Brief:
The answer must be an exact copy of the lines from the one with "Appartamento in vendita a Genova GE" through the final line below, with no pictures and nothing else.

Data to process:

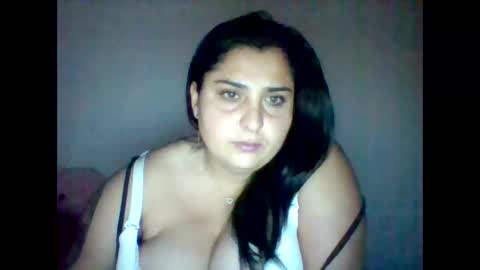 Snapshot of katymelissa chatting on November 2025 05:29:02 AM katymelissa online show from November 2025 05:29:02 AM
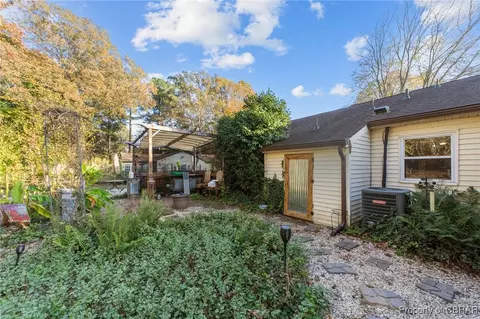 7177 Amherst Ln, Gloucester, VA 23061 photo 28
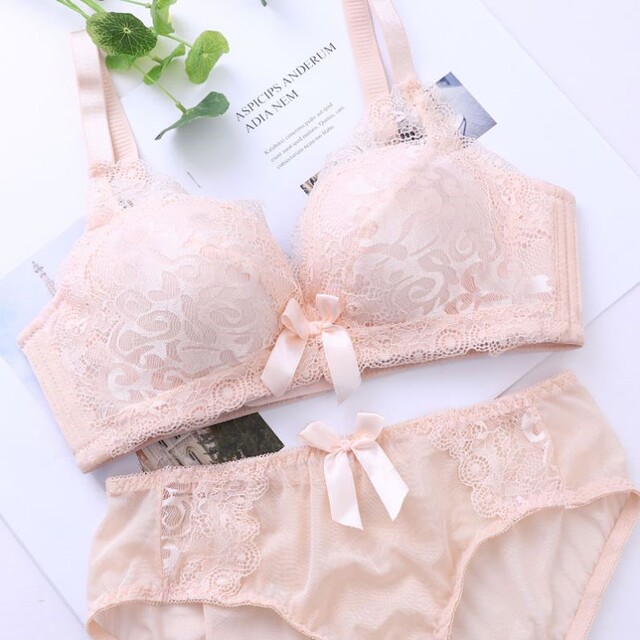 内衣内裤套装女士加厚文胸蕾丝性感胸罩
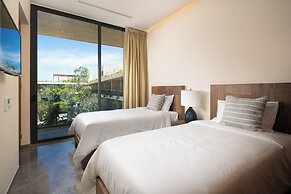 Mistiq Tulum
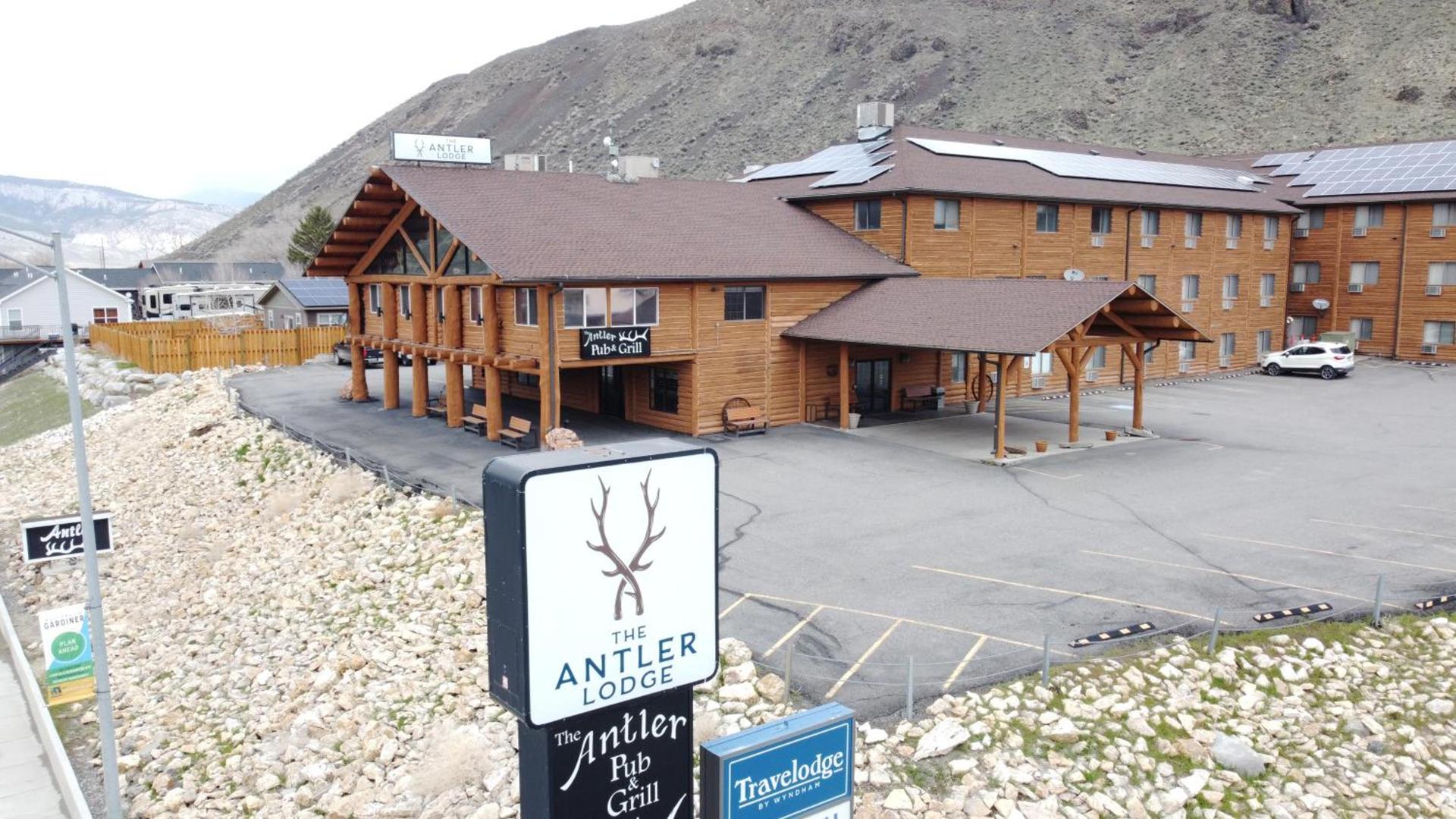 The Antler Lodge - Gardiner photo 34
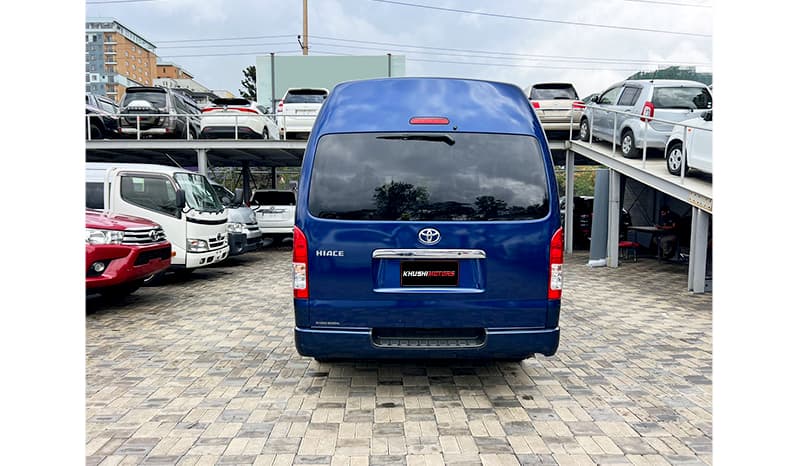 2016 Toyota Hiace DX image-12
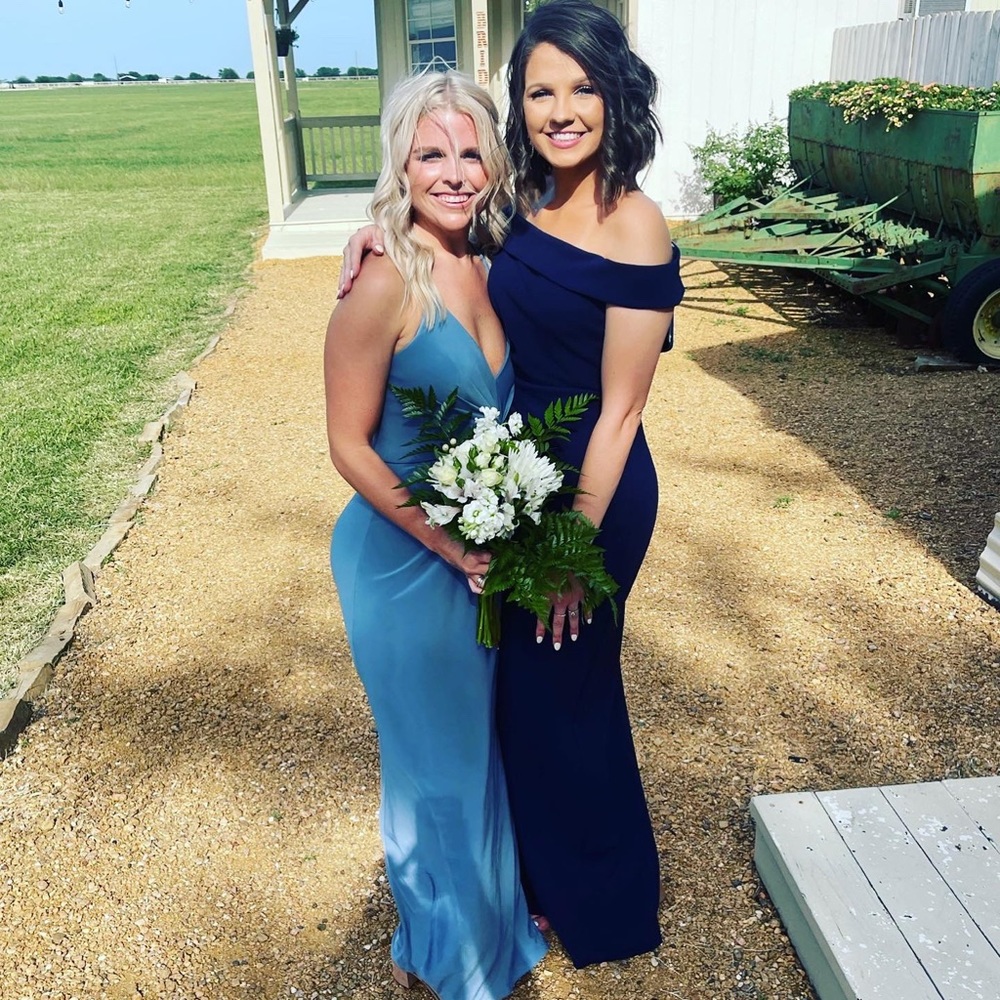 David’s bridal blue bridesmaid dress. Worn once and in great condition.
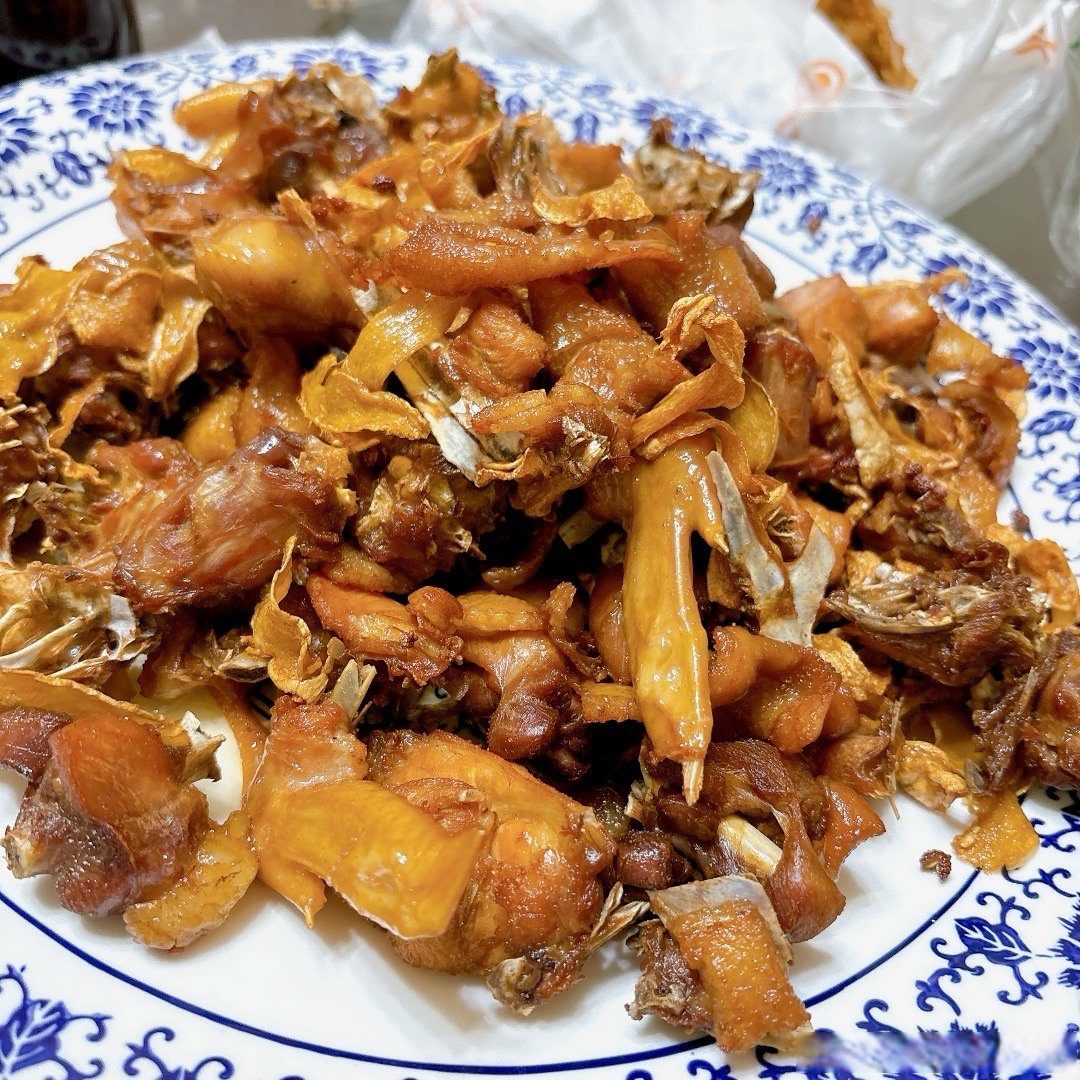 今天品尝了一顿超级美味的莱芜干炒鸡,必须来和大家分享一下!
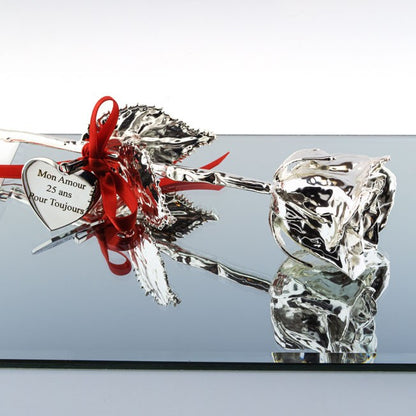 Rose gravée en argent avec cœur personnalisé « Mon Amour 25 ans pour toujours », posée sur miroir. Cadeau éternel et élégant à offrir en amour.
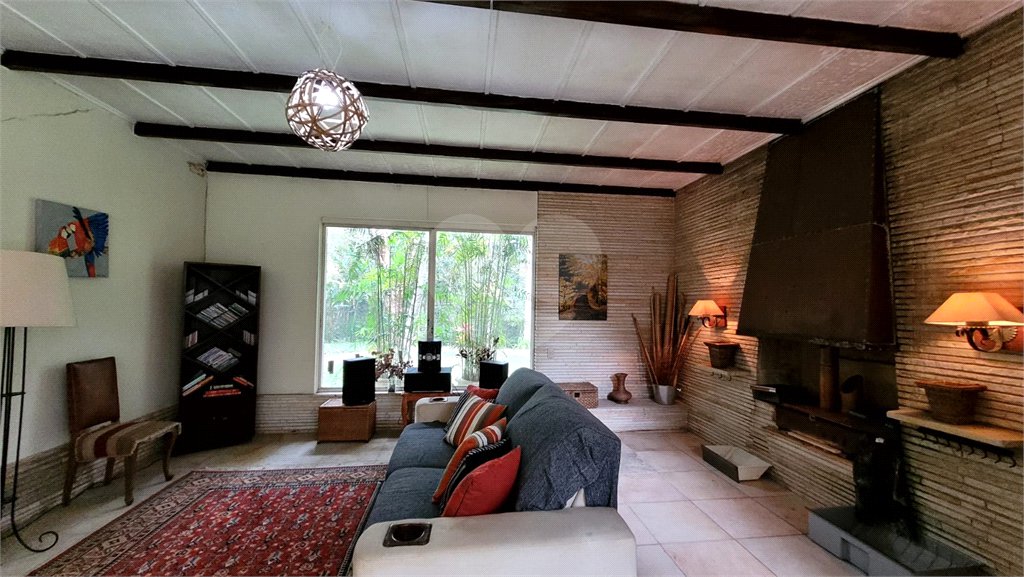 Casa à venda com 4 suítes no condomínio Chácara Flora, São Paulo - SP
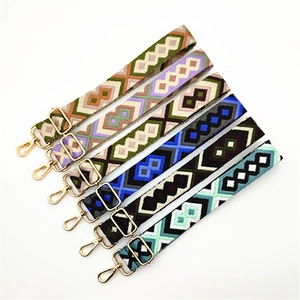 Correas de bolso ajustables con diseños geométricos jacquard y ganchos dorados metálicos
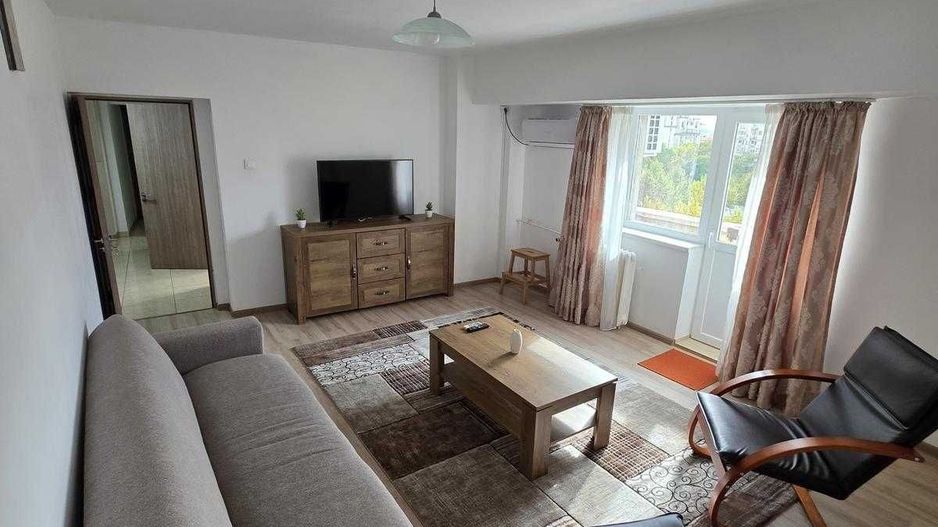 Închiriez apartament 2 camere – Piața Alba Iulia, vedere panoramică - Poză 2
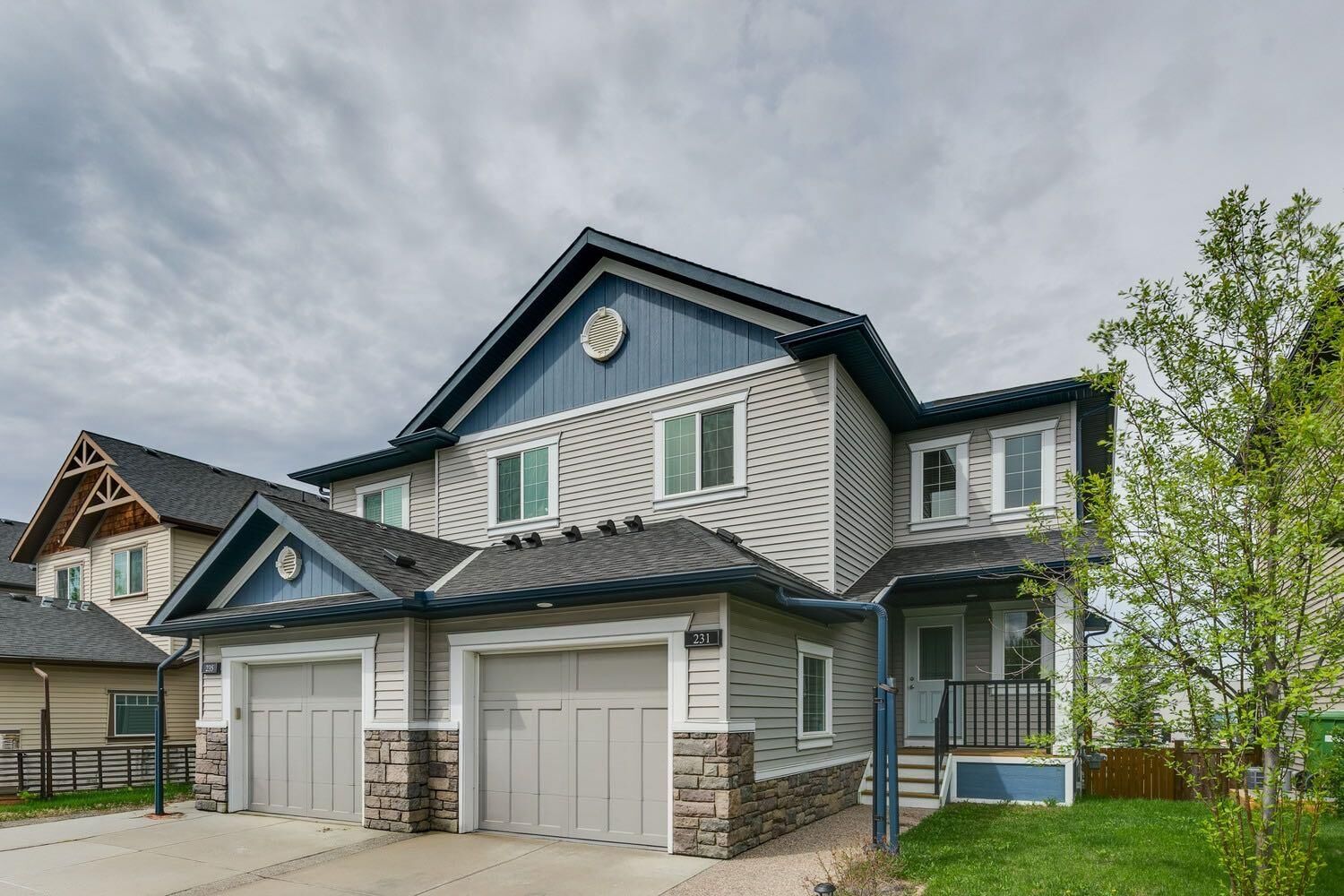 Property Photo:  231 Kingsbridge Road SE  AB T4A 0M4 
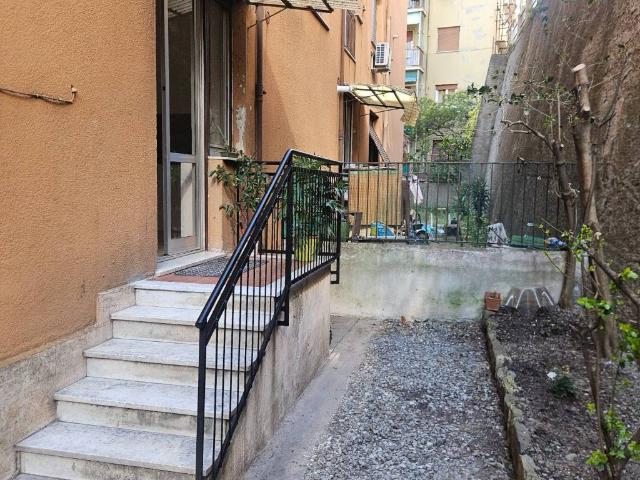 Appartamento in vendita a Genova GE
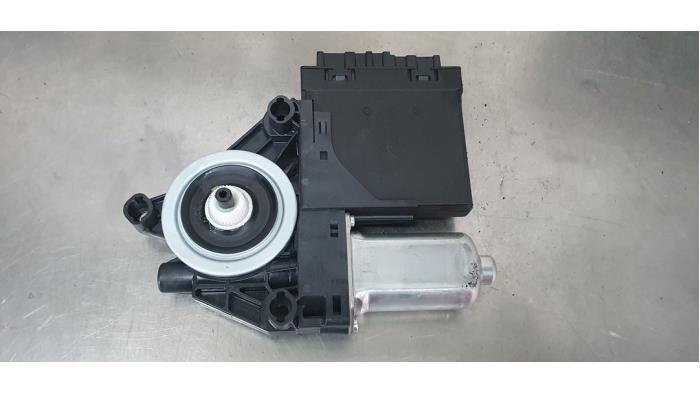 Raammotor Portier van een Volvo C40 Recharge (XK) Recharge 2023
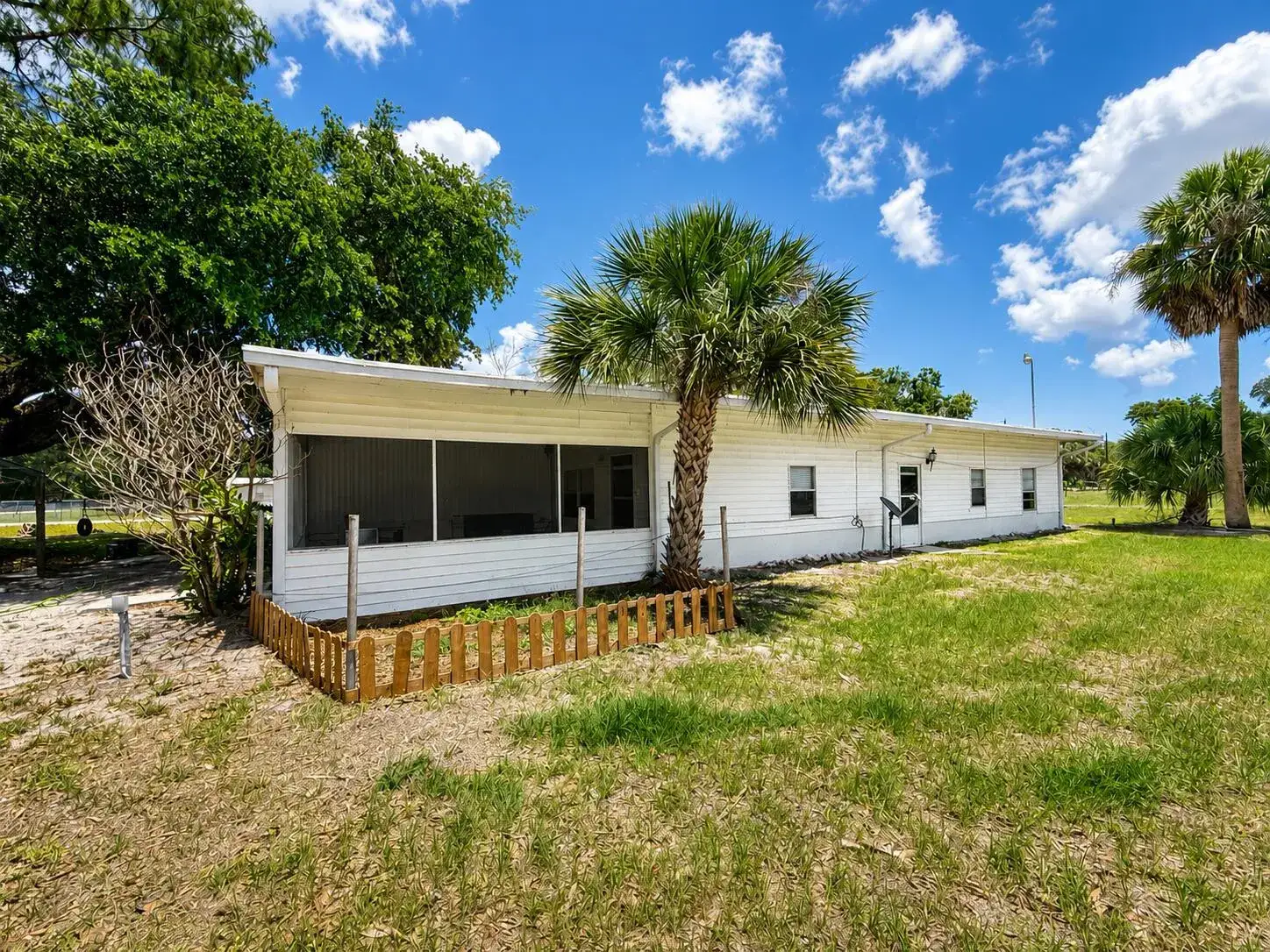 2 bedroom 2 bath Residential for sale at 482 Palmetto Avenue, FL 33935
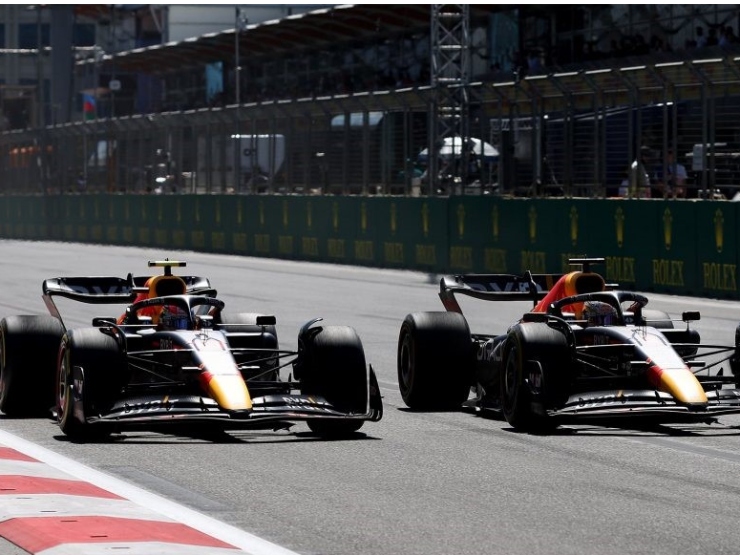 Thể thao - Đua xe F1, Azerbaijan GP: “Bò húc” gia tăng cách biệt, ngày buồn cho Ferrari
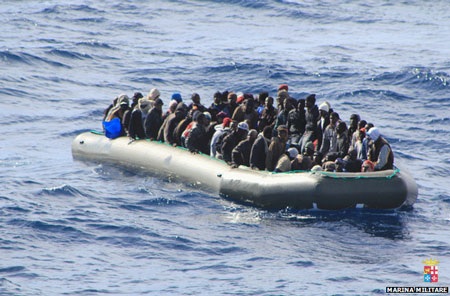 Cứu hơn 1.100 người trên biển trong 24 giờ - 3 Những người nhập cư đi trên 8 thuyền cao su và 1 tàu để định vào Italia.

Your response:
 Appartamento in vendita a Genova GE
 Raammotor Portier van een Volvo C40 Recharge (XK) Recharge 2023
 2 bedroom 2 bath Residential for sale at 482 Palmetto Avenue, FL 33935
 Thể thao - Đua xe F1, Azerbaijan GP: “Bò húc” gia tăng cách biệt, ngày buồn cho Ferrari
 Cứu hơn 1.100 người trên biển trong 24 giờ - 3 Những người nhập cư đi trên 8 thuyền cao su và 1 tàu để định vào Italia.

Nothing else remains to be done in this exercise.